*WHAT THE TASK ASKS*
Word for word, write out all the entries below, omitting every picture.

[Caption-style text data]

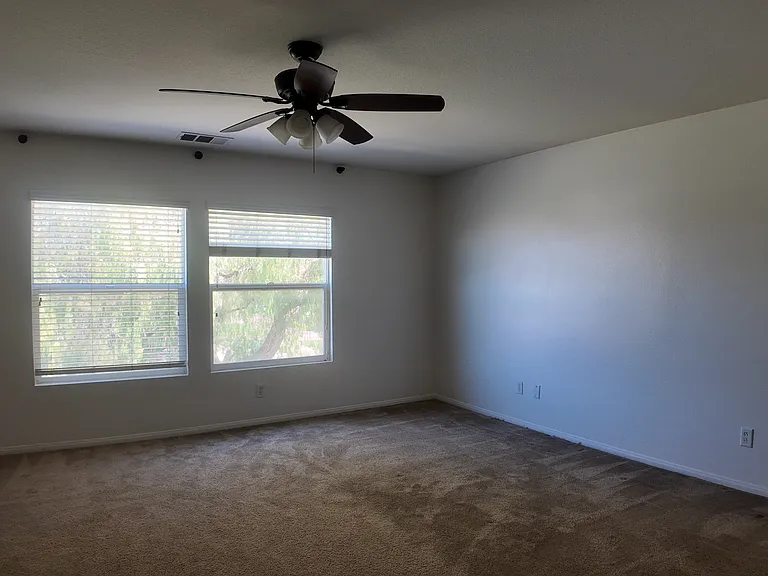 1328 Landmark Ln — Photo 21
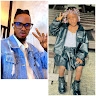 Felix Nunneh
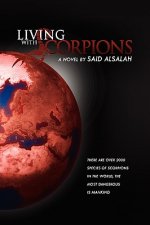Living with Scorpions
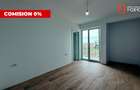 COMISION 0% Duplex cu 4 camere, 116 mp utili, zona Giarmata Vii - 1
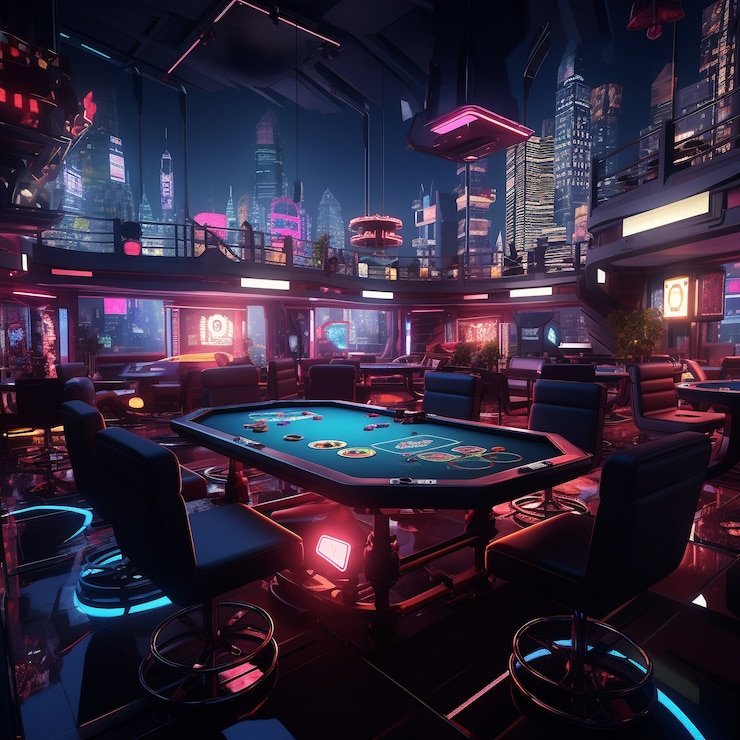 buku mimpi featured game showcase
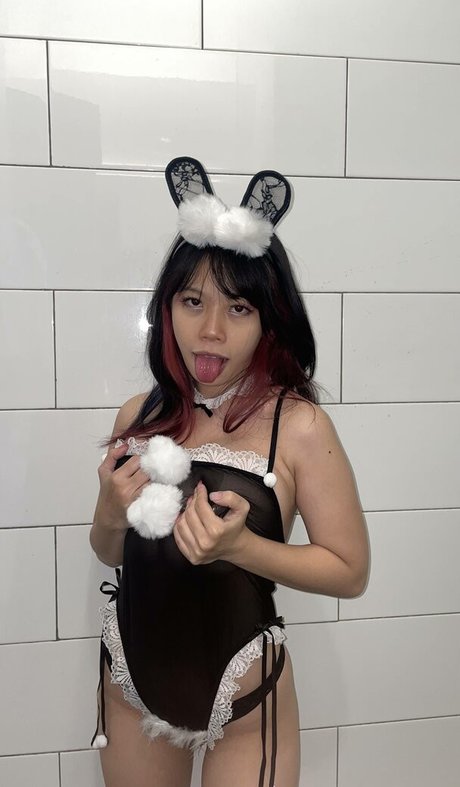 Yuuratamaki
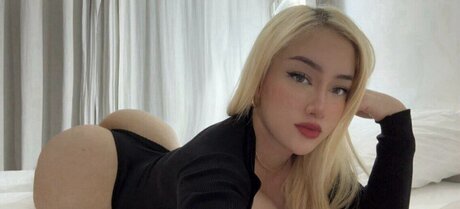 yolanygomez Leaked OnlyFans Porn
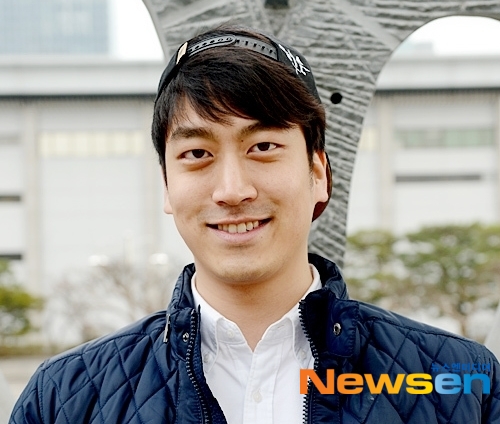 ‘개콘’ <b>김성원</b> 갑작스런 비보, 오늘(10일) <b>모친상</b>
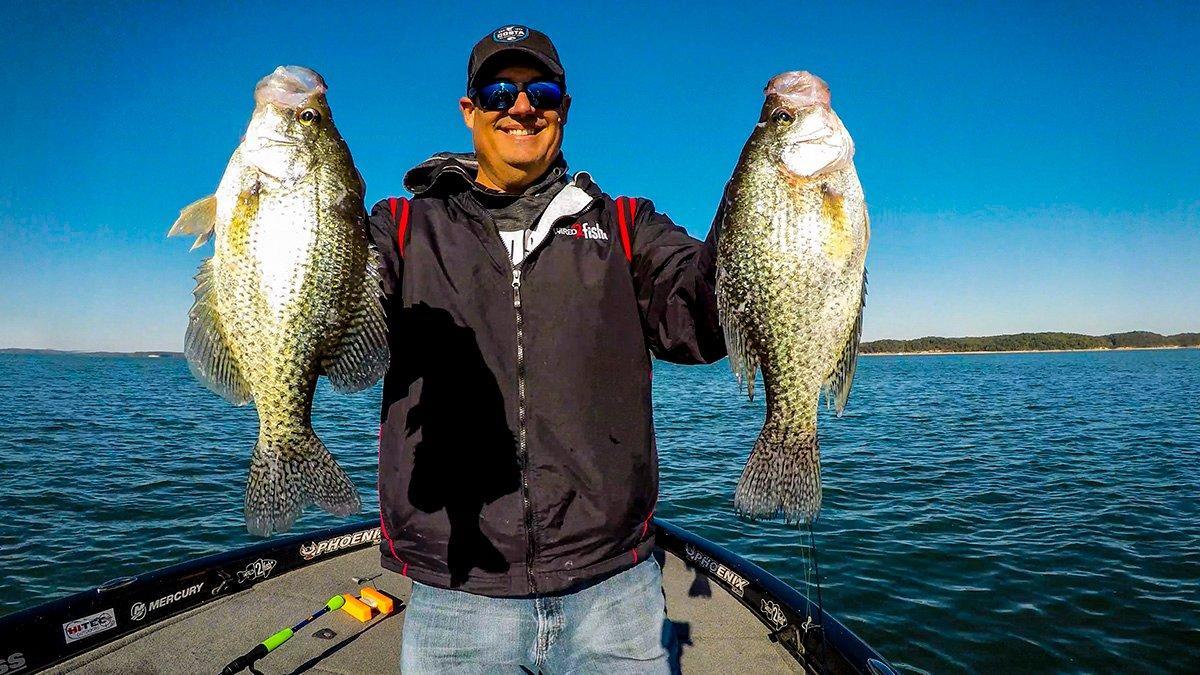 jason-big-crappie-2017-tightlining.jpg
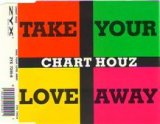 Chart Houz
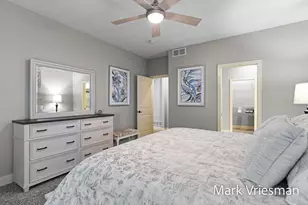 17011 Pickett Ln, Nunica, MI 49448 - Photo 19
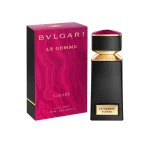 Bvlgari Le Gemme Sahare EDP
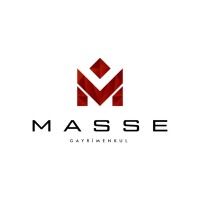 Masse Gayrimenkul logo, Masse Gayrimenkul contact details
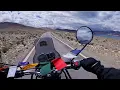 Download Lagu Tso Moriri to Hanle (Gate way to Umling La)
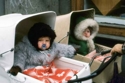 Russian%20babies (thumbnail)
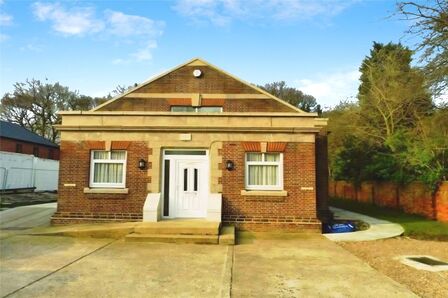 2 bedroom  Flat to rent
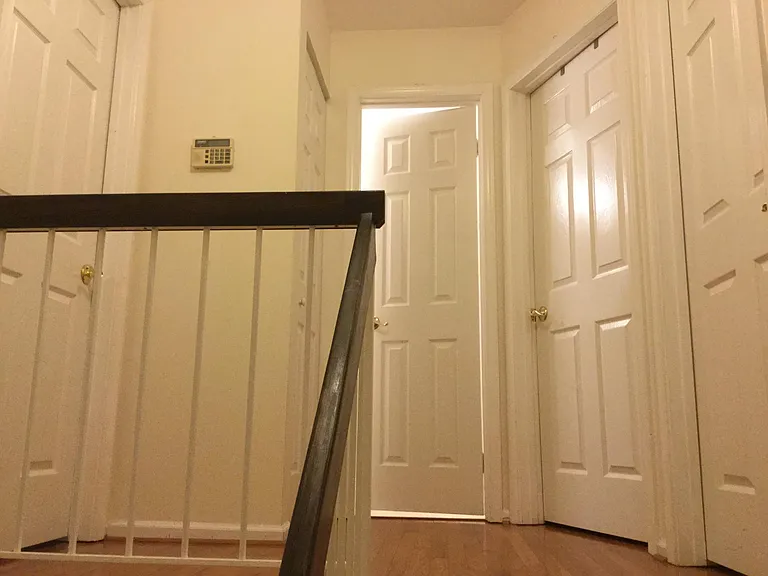 13814 Grey Colt Dr — Photo 16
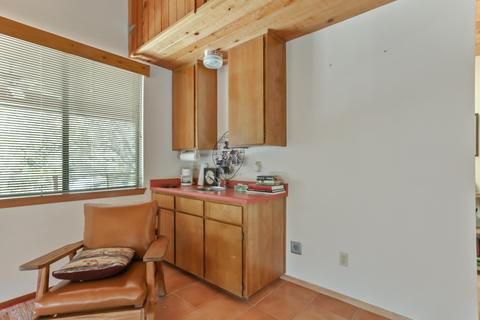 44994 S Fork Dr, Three Rivers, CA 93271 photo 24
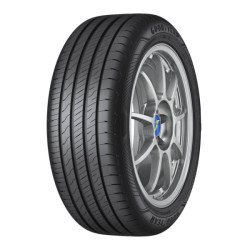 205/60 R16 92 H Goodyear Efficientgrip Performance 2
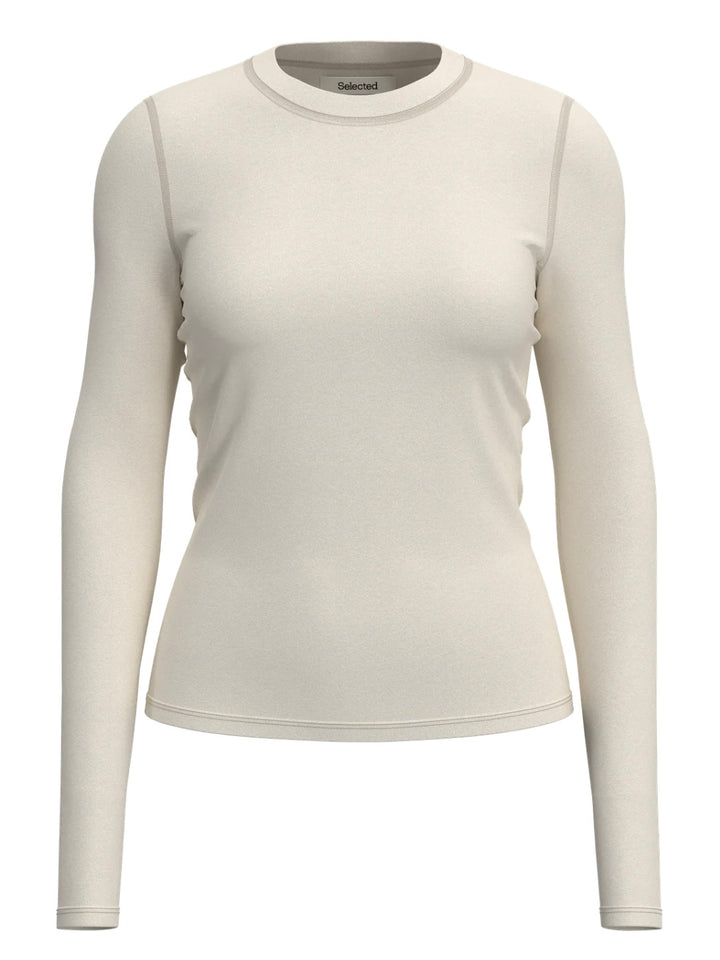 Slflina Ls Top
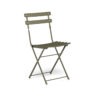 EMU Arc en Ciel Chair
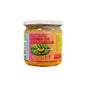 Monki Crema Anacardo Bio 330g *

*TASK RESULT*
 1328 Landmark Ln — Photo 21
 Felix Nunneh
Living with Scorpions
 COMISION 0% Duplex cu 4 camere, 116 mp utili, zona Giarmata Vii - 1
 buku mimpi featured game showcase
 Yuuratamaki
 yolanygomez Leaked OnlyFans Porn
 ‘개콘’ <b>김성원</b> 갑작스런 비보, 오늘(10일) <b>모친상</b>
 jason-big-crappie-2017-tightlining.jpg
 Chart Houz
 17011 Pickett Ln, Nunica, MI 49448 - Photo 19
 Bvlgari Le Gemme Sahare EDP
 Masse Gayrimenkul logo, Masse Gayrimenkul contact details
 Download Lagu Tso Moriri to Hanle (Gate way to Umling La)
 Russian%20babies (thumbnail)
 2 bedroom  Flat to rent
 13814 Grey Colt Dr — Photo 16
 44994 S Fork Dr, Three Rivers, CA 93271 photo 24
 205/60 R16 92 H Goodyear Efficientgrip Performance 2
 Slflina Ls Top
 EMU Arc en Ciel Chair
 Monki Crema Anacardo Bio 330g *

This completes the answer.